Here, we agree with the Family Court's determination that the father failed to meet his burden of establishing that he paid child support of a fair and reasonable sum, according to the father's means. The fact that the father was incarcerated did not absolve him of his responsibility to support and maintain regular communication with the child (see Matter of Sharissa G., 51 A.D.3d 1019, 1020, 859 N.Y.S.2d 246). While the father provided the mother with some child support prior to the child being placed in foster care, he failed to provide any support to the child thereafter (see Matter of Giovannie Sincere M. [Dennis M.], 99 AD3d 635, 635, 952 N.Y.S.2d 881). The father was not excused from paying financial support on the ground that the agency had not instructed him to do so (see Domestic Relations Law § 111[1][d]; Matter of Ginelle T.A. [Rondale J.], 145 A.D.3d at 878, 42 N.Y.S.3d 840; Matter of Marc Jaleel G. [Marc E.G.], 74 A.D.3d 689, 690, 905 N.Y.S.2d 160), or by the absence of a court order directing him to pay child support (see Matter of Blake I. [Richard H.—Neimiah I.], 136 A.D.3d 1190, 1192, 26 N.Y.S.3d 793; Matter of Jason Brian S., 303 A.D.2d 759, 760, 758 N.Y.S.2d 96). Accordingly, the father's consent to the proposed adoption was not required.

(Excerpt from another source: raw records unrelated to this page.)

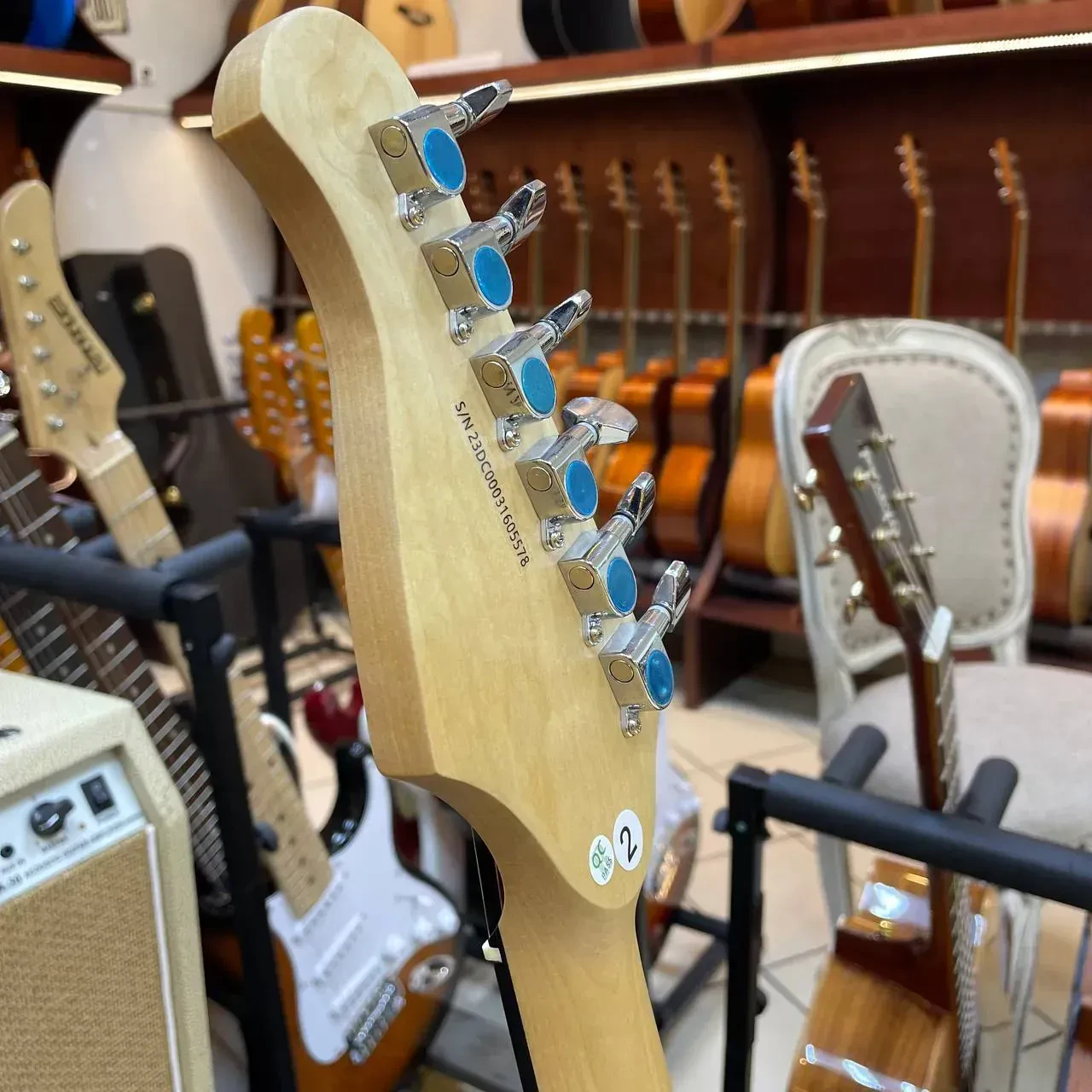 Изображение №26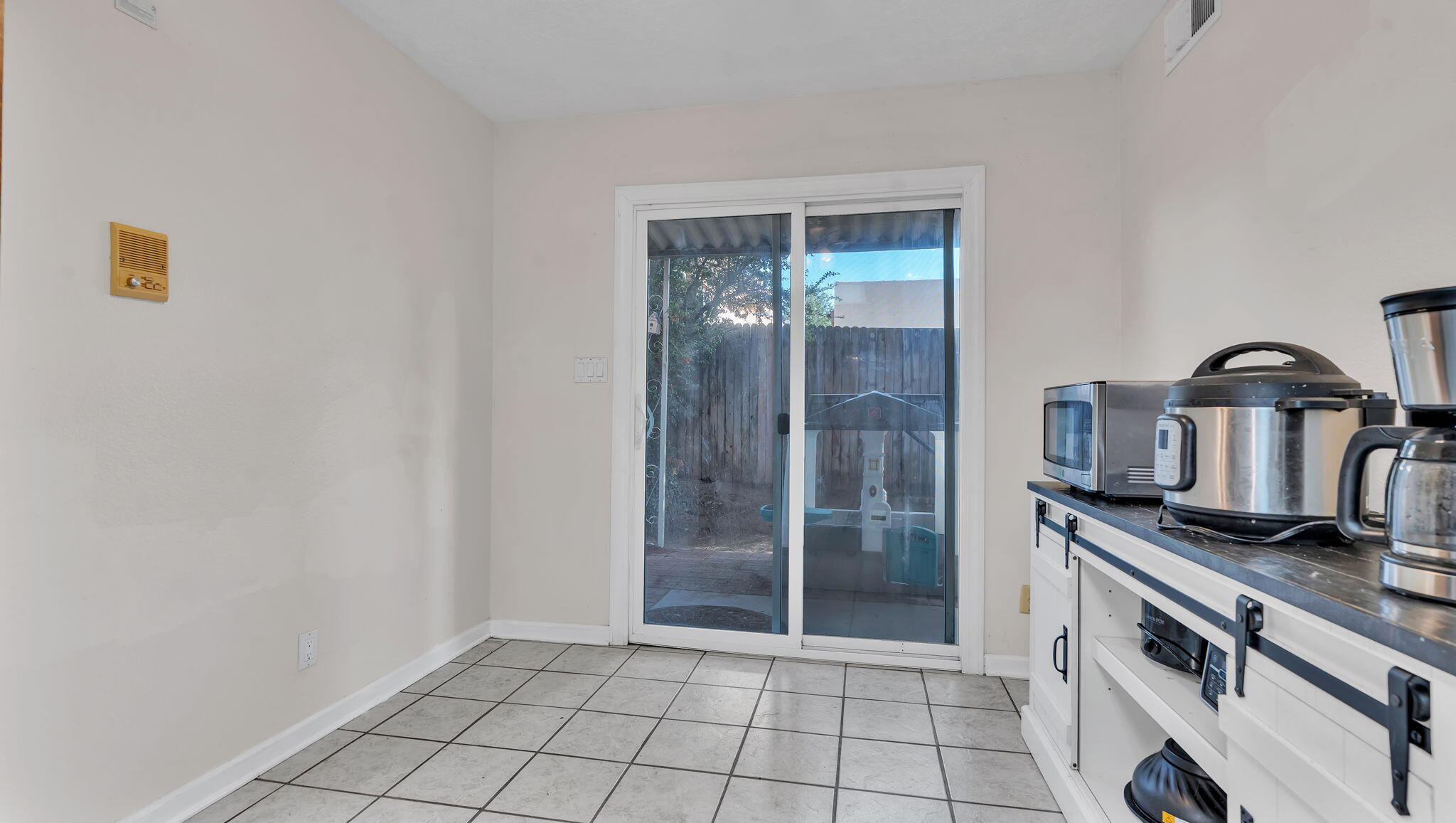 7232 Bobwhite Lane NE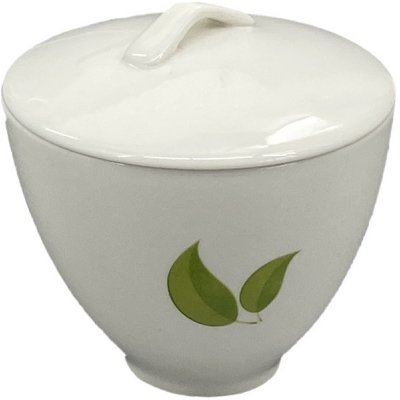 by inspire Leaf 150ml – Zboží Dáma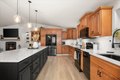 Additional image 7 of 513 E Silver Pines Ct, Colbert, WA, 99005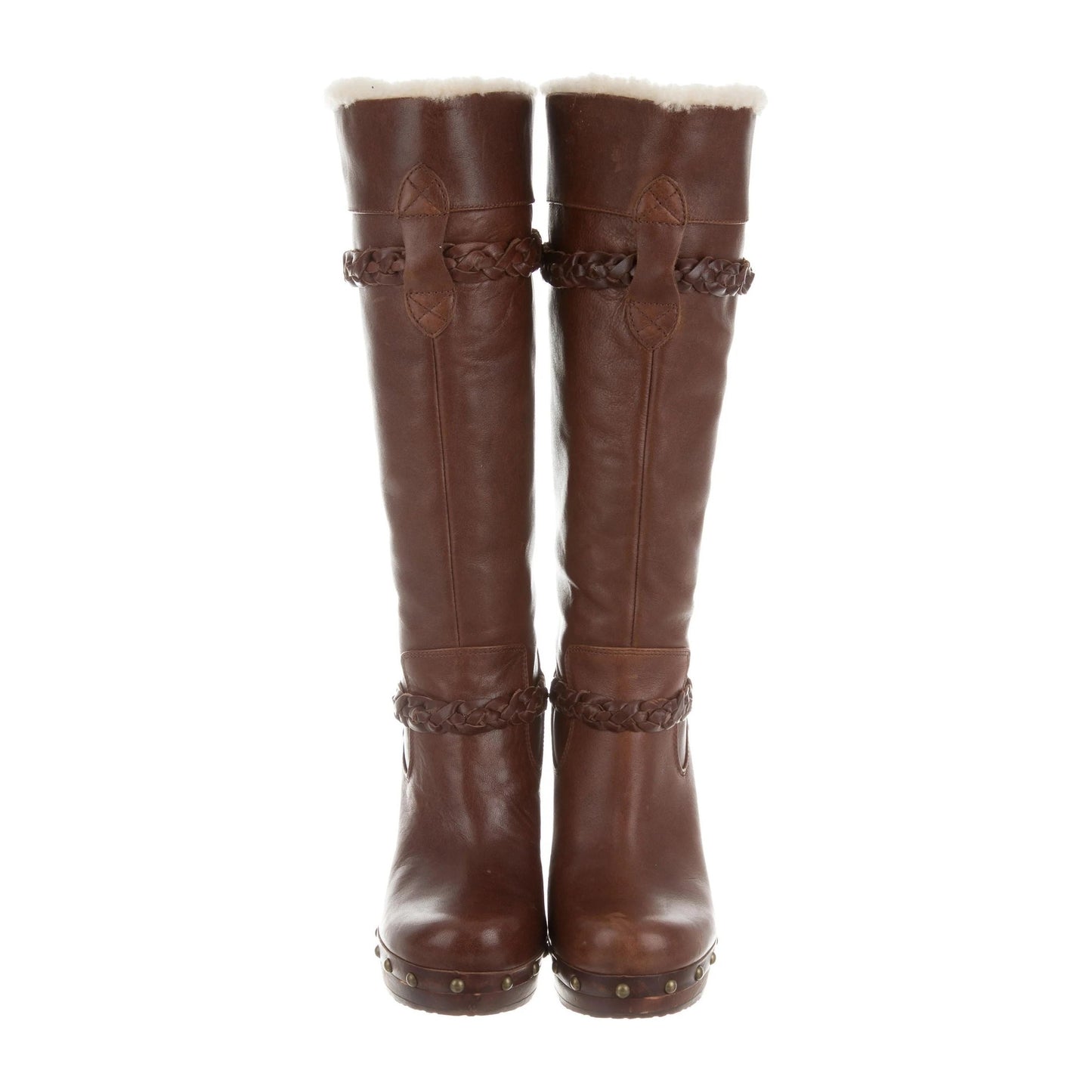 UGG Women's Savanna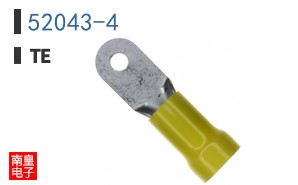 52043-4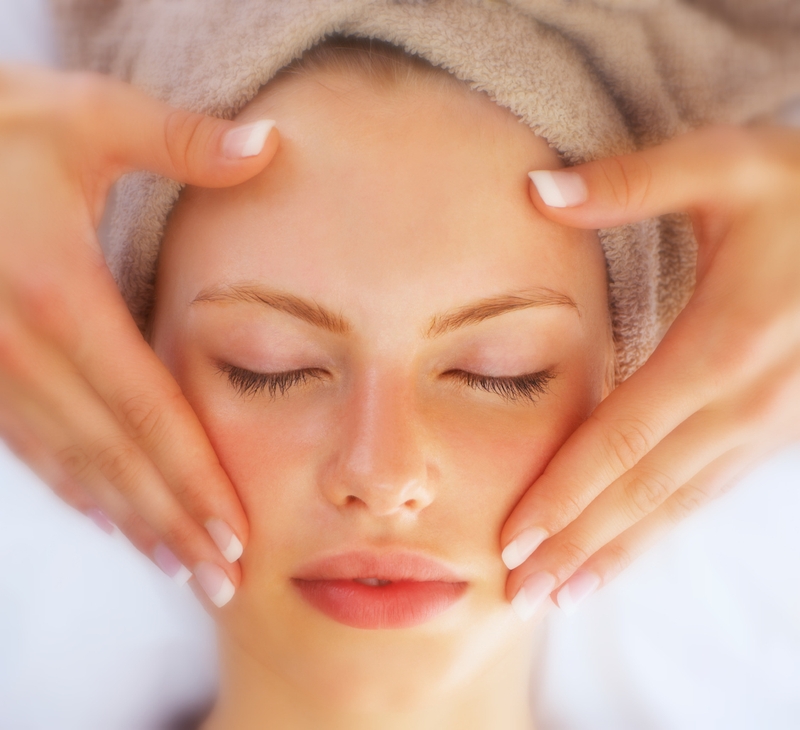 Bị khô mắt nên làm gì để chữa bệnh - phòng bệnh? 2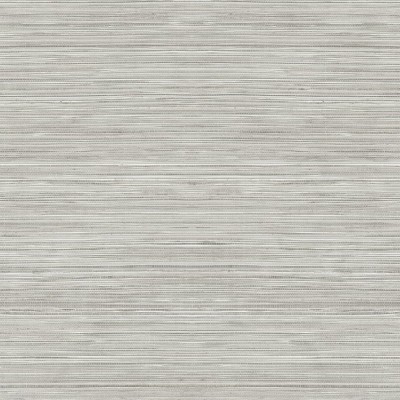Обои Paper and Ink OY35008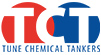 Tune Chemical Tankers International B.V.
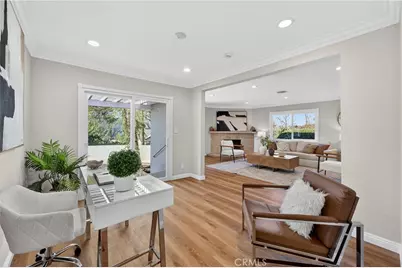 3450 Mevel Place, La Crescenta, CA 91214 - Photo 11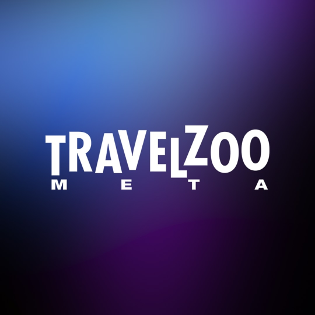 صورة Travelzoo 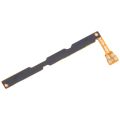 OEM Power Button & Volume Button Flex Cable For vivo Y35 5G. 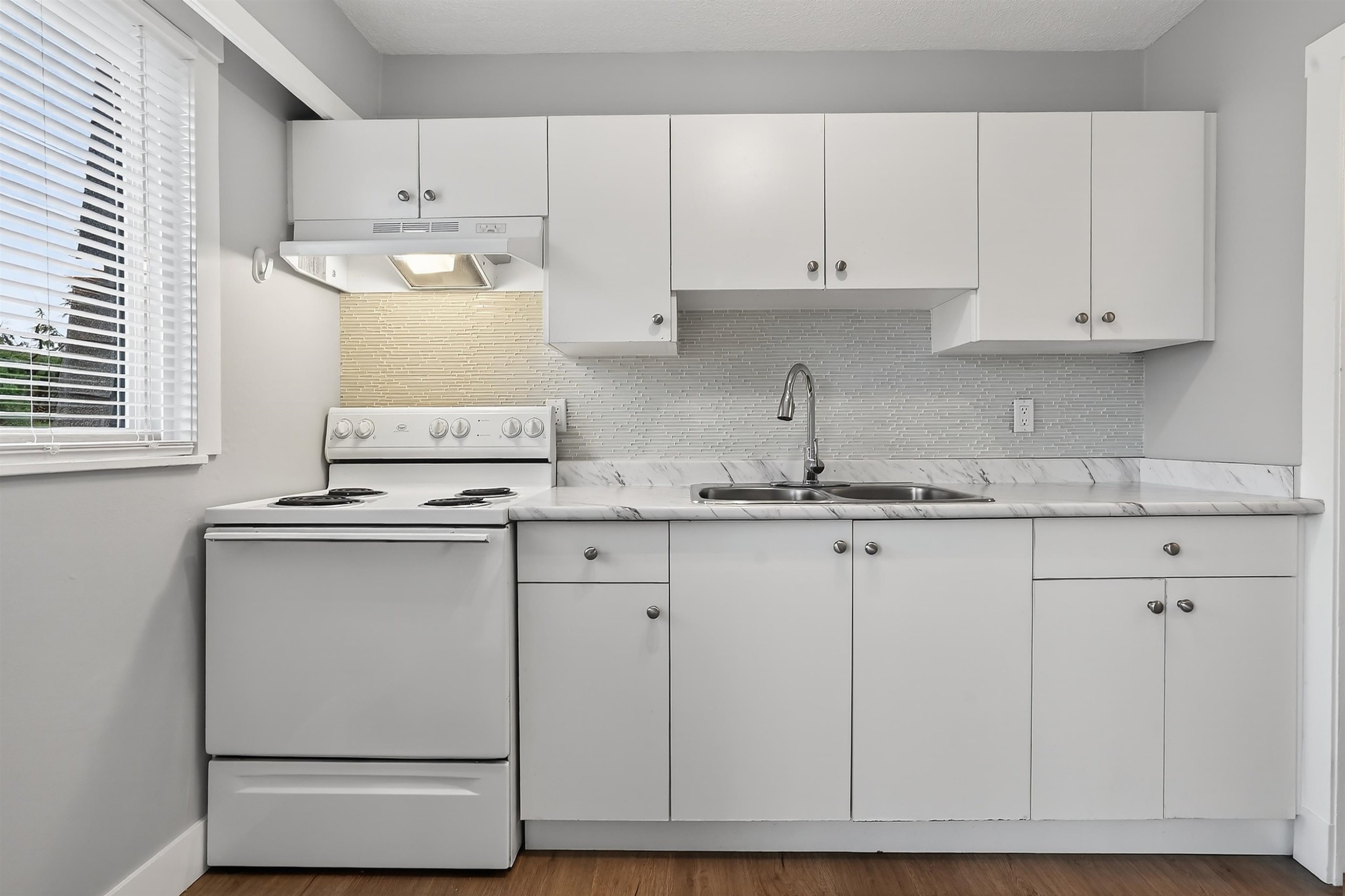 18-21555 Dewdney Trunk Road, Maple Ridge, BC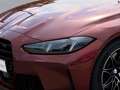 BMW M3 Comp M xDrive Touring G81 Rot - thumbnail 7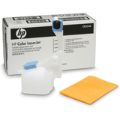 HP CP3525 LaserJet Toner Collection Unit Original CE254A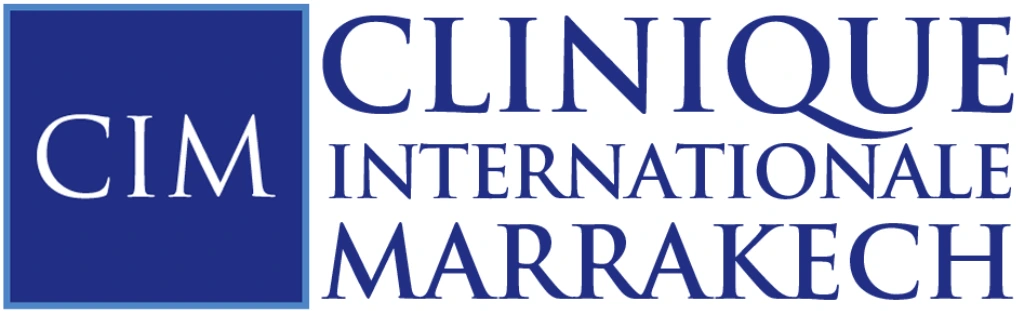 CIM International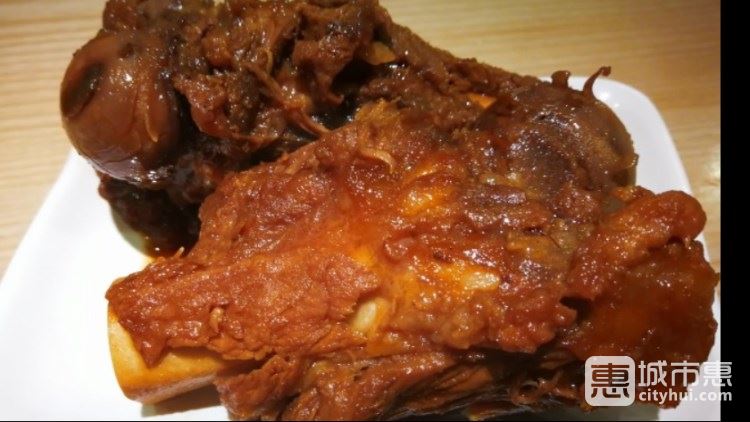 東北風(fēng)(萬達(dá)廣場江橋店)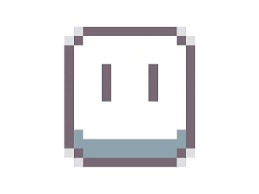 Aseprite 2025 v1.3.14.2 Aseprite 2025 v1.3.14.2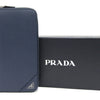 Prada wallet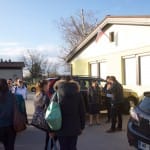 2016_03_24_175923seminar-zssdi-ptuj-0062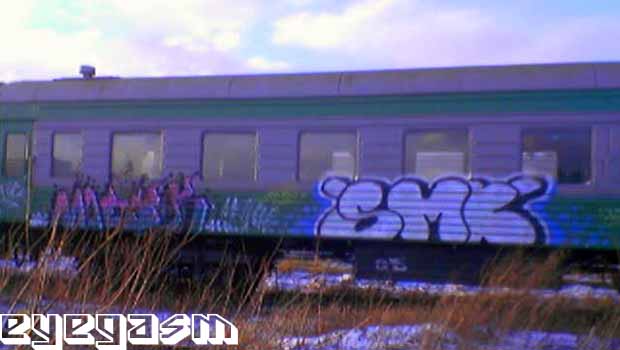 motyk-smb01.jpg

The father's constitutional challenge to Domestic Relations Law § 111(1)(d) is unpreserved for appellate review (see Matter of Latrice R., 93 A.D.2d 838, 838, 461 N.Y.S.2d 61), and we decline to reach it in the exercise of our interest of justice jurisdiction.

We agree with the Family Court's determination that even if the father had been found to be a “consent father,” the petitioner established by clear and convincing evidence that the father permanently neglected the child (see Social Services Law § 384–b[7][a]). Despite the petitioner's diligent efforts to encourage the parental relationship, the father failed to plan for the child's future (see Social Services Law § 384–b [7][c]). “At a minimum, parents must take steps to correct the conditions that led to the removal of the child from their home” (Matter of Khadija J.K. [Kadijatu F.K.], 161 A.D.3d 1153, 1154, 74 N.Y.S.3d 505 [internal quotation marks omitted]; see Matter of Nathaniel T., 67 N.Y.2d 838, 840, 501 N.Y.S.2d 647, 492 N.E.2d 775). The father was incarcerated during the first year of the child's placement in foster care and was reincarcerated for a parole violation within months of his release. While the father completed certain services during the time he was not incarcerated, he failed to address the issues which prevented him from assuming custody of the child, and, therefore, failed to plan for the child's future (see Matter of Aphrodite Kristina Maria S. [Katrina W.], 68 A.D.3d 879, 880, 889 N.Y.S.2d 486).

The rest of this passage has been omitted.